After a continuance on the trial court's own motion, the cause proceeded on February 9, 1987. Again without counsel, Vukadinovich appeared at the "Omnibus/bench hearing" and submitted a handwritten jury demand and a handwritten motion to produce. On the same date, the trial court denied the jury demand, stating that the statutory time limit had expired. 4 However, the motion to produce was granted, and the cause set for March 27, 1987.

On February 19, 1987, Calvin K. Hubbell, Attorney at Law, entered his appearance on behalf of Vukadinovich. The cause was continued to June 5, 1987 and, in the absence of further jury demands tendered by Vukadinovich, proceeded by bench on that date.

Vukadinovich raises the issue of whether the trial court committed fundamental error in denying his jury demand. Specifically, he contends that the trial court never advised him of the consequences of failing to demand a trial by jury not later than ten days prior to the trial date, and that this omission dictates reversal. We agree.

Because this case involves a misdemeanor offense, we refer to Indiana Rules of Procedure, Criminal Rule 22, adopted January 1, 1981, which states:

A defendant charged with a misdemeanor may demand a trial by jury by filing a written demand therefore not later than ten (10) days before his scheduled trial date.
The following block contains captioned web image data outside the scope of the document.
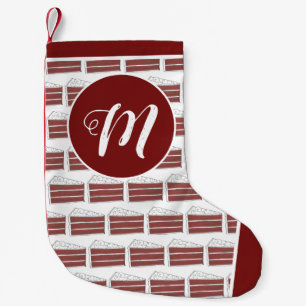 Calcetín Navideño Pequeño Terciopelo Rojo Pastel de Alma de postre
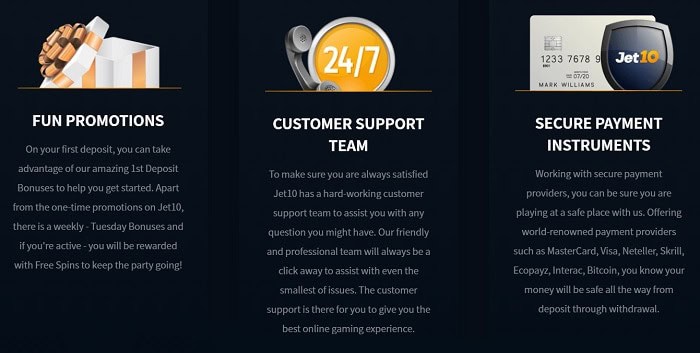 Special Promotions, Support, Payments 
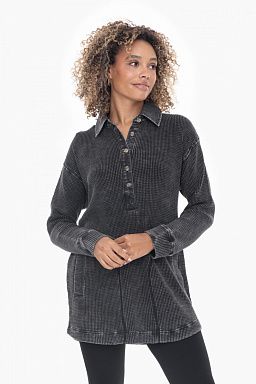 Cotton Mineral Wash Waffle Knit Tunic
The failure of a defendant to demand a trial by jury as required by this rule shall constitute a waiver by him of trial by jury unless the defendant has not had at least fifteen (15) days advance notice of his scheduled trial date and of the consequences of his failure to demand a trial by jury.
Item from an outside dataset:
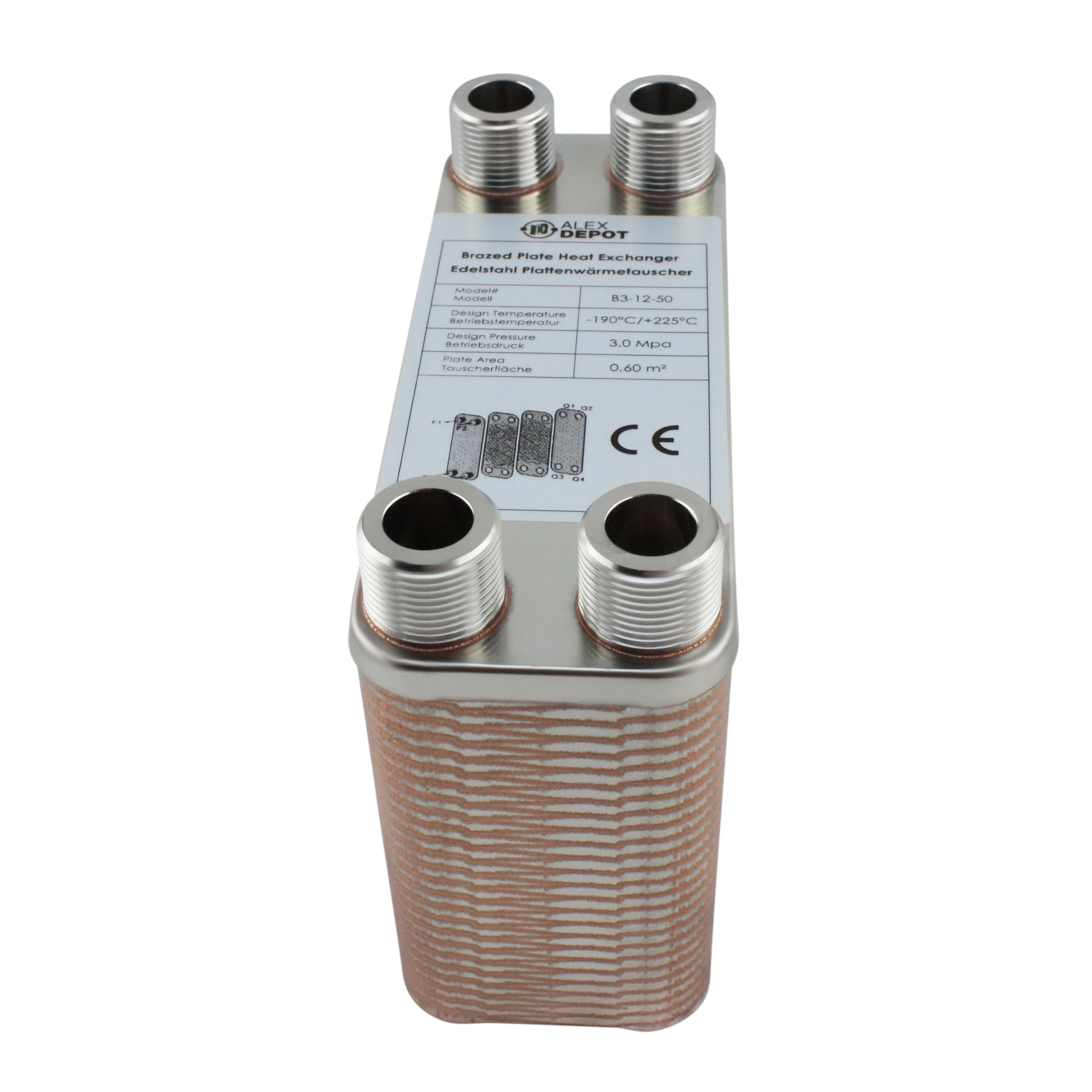Intercambiador de placa de acero inoxidable B3-12-50 con conector de 4 x 3/4 pulgadas. Calefacción solar de 90 kW (PWT)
We have previously addressed the issue of whether the provisions of C.R. 22 require that a defendant be specifically advised of the "10-day rule" included therein. Our decisions have consistently held that it is fundamental error for a court to deny a defendant a jury trial without eliciting a waiver from him personally. A valid waiver cannot be made pursuant to C.R. 22 in the absence of an advisement by the trial court of the consequences of a failure to demand a trial by jury not later than ten days prior to the trial date. See Casselman v. State (1985), Ind.App., 472 N.E.2d 1310; Suits v. State (1983), Ind.App., 451 N.E.2d 375; Wilson v. State (1983...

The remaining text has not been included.